Les statistiques de la mise en emploi, qui pourraient compenser cet effet repoussoir, restent trop contradictoires pour rassurer. A un premier niveau, l’insertion professionnelle des jeunes diplômés apparaît plus facile dans le champ social que dans la plupart des autres secteurs d’activité. Les éducateurs de jeunes enfants sont les plus rapides à décrocher un premier emploi, avec une durée moyenne de recherche de six semaines, contre une douzaine de semaines tout au plus pour les assistants de service social. Reste que deux tiers des jeunes diplômés du social travaillent en CDD, dont 20 % à temps partiel. Ils doivent attendre environ trois ans après l’obtention du diplôme pour que la proportion de CDI dans leurs rangs rejoigne, puis dépasse, la moyenne des autres secteurs d’activité.

Notes

(1) « La profession d’assistant(e) de service social : le déclin des vocations ? » – Prefas-GRIF – Octobre 2013 – Disponible sur www.prefas-grif.fr.

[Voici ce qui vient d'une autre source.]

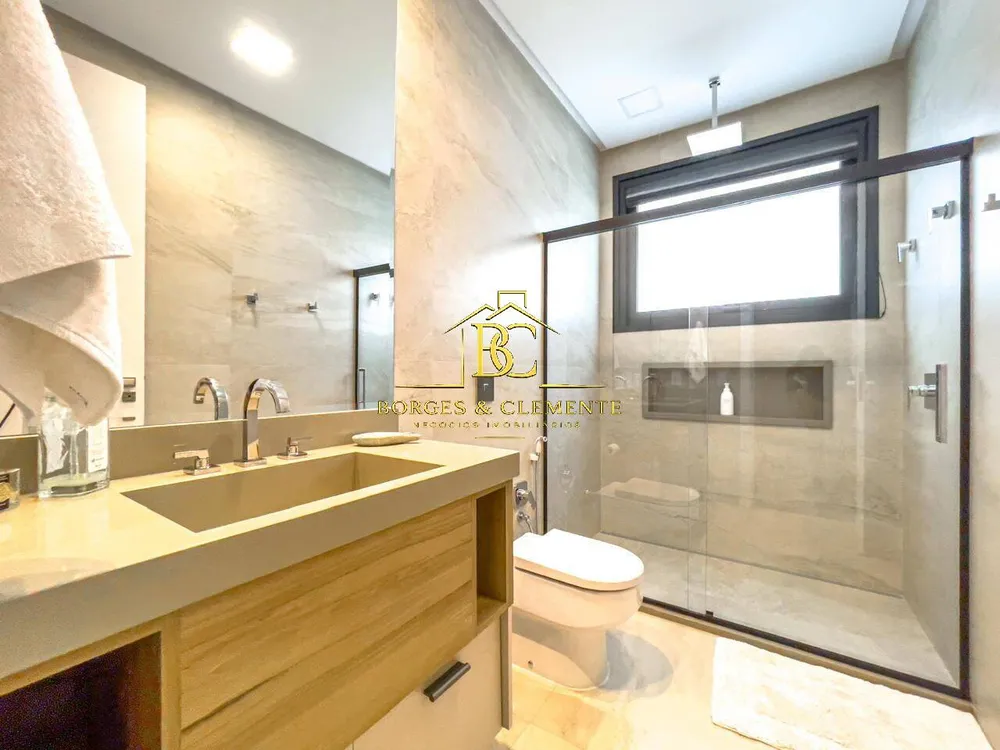 Casa, 3 quartos, 630 m² - Foto 6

(2) L’attractivité des formations de niveau III – Etat des lieux et perspectives – Commission permanente « niveau III » – Disponible sur demande à l’Unaforis.

(3) Voir ASH n° 2832 du 8-11-13, p. 20.

(4) « La formation aux professions sociales en 2013 » – DREES – Série statistiques n° 193 – Janvier 2015 – Voir ASH n° 2893 du 16-05-15, p. 7.

(5) Lors du colloque « Métamorphose de la société ou fragmentation : une opportunité pour le métier d’assistant de service social ? », organisé par l’Institut supérieur social de Mulhouse et l’Ecole normale sociale, les 11 et 12 décembre 2014.